> [WHAT IS BEING ASKED]: Below are lines of data; restate word for word those running from the line containing "Ear Surgery before 1245314" to the line containing "Immunohistochemistry (IHC) image", inclusive, and no others.
-- GIVEN DATA follows --
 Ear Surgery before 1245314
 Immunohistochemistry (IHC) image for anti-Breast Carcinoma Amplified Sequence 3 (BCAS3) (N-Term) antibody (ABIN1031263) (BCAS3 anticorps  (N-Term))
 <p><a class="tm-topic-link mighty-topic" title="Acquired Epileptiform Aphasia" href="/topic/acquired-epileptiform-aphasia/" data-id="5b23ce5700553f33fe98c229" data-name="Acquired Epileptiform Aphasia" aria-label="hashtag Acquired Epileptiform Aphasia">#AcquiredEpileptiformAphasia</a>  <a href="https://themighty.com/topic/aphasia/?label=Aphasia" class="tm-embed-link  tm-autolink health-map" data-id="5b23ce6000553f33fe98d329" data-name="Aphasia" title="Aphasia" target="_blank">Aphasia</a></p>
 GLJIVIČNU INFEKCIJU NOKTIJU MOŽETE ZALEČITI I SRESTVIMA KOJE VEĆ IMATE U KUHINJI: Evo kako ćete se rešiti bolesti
-- GIVEN DATA concluded --
-- GIVEN DATA follows --
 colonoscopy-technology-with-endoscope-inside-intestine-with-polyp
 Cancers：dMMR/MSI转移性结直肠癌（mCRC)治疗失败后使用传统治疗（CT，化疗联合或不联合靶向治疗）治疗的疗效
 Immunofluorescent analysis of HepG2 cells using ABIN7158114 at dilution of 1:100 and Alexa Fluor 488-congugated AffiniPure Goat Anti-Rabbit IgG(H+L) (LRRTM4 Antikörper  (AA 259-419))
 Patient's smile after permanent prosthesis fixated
-- GIVEN DATA concluded --
> [REPLY]:
 Ear Surgery before 1245314
 Immunohistochemistry (IHC) image for anti-Breast Carcinoma Amplified Sequence 3 (BCAS3) (N-Term) antibody (ABIN1031263) (BCAS3 anticorps  (N-Term))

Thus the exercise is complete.